九州・四国・鈴鹿山脈以西の本州に分布し、対馬にはいない。
(YES → カスミサンショウウオ/NO)
- 尾の背腹両縁に黄色い縦じまがない。もし尾の背腹両縁が淡黄色の場合は、背面の肋条の数が原則として12本以下。
(YES/NO)
- 鈴鹿山脈以東の太平洋側に分布し、東海地方・関東地方・福島県東部などの平地や丘陵地にすむ。

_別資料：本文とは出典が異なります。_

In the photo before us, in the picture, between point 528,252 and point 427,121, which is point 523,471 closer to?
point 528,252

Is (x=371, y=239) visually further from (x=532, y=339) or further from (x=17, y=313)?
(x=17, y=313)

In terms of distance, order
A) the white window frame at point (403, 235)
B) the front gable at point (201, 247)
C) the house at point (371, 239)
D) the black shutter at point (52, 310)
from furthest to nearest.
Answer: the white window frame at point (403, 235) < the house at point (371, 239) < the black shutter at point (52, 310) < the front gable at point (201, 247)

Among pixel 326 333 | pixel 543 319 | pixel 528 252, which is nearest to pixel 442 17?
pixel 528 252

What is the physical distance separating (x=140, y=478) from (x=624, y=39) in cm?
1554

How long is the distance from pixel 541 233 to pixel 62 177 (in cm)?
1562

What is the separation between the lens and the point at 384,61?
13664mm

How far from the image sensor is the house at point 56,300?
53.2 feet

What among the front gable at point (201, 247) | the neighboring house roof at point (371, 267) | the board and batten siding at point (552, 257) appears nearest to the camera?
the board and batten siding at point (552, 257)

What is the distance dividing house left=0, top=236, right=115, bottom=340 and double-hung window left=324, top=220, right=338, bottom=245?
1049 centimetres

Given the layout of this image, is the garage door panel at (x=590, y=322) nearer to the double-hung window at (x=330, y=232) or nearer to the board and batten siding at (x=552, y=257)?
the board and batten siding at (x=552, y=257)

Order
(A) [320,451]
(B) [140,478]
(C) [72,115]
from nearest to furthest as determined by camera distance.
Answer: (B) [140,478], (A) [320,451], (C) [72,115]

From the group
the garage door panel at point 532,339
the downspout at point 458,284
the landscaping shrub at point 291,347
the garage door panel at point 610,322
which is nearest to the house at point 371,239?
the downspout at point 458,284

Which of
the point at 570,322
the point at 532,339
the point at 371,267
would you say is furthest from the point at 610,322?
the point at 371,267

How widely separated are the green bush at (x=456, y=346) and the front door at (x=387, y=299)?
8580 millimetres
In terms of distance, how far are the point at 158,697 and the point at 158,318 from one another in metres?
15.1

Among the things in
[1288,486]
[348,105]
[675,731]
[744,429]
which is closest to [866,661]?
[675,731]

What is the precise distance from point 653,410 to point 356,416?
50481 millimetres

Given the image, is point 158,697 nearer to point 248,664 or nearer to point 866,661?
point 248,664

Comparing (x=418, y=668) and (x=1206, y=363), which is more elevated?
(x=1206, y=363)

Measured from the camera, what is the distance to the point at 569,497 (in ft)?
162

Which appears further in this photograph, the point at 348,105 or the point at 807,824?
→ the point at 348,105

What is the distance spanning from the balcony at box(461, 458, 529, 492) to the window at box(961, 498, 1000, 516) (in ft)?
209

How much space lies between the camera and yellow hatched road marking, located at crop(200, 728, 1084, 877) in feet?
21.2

背面の肋条の数が原則として12本で、鋤口蓋歯列は一般に小さいU字形。
(YES → トウキョウサンショウウオ/NO)
- トウキョウサンショウウオの分布している地域にはいない。もしこの地域に隣接する場所にいる場合は、背面の肋条が原則として11本しかない。
(YES/NO)
- 九州の東岸に固有。肋条は背面に12本ある。
(YES → オオイタサンショウウオ/NO)
- 分布域は近畿地方以東の本州・佐渡島または北海道。
背面の肋条は原則として11本しかない。
(YES/NO)
- 手足は比較的長く、体にそって伸ばすと前足と後足の指が重なる。
分布域は日本海側で福井県以東。
(YES/NO)
- 分布域は本州の中部地方以北または佐渡島。
鋤口蓋歯列はU字形またはV字形で、折れ込みが多少とも深い。
(YES/NO)
- 原則として小指が短い。
尾の縁が比較的にぶく、尾の先もにぶい
卵のうは曲がったひも状で透明。卵が外から見える。
(YES → トウホクサンショウウオ/NO)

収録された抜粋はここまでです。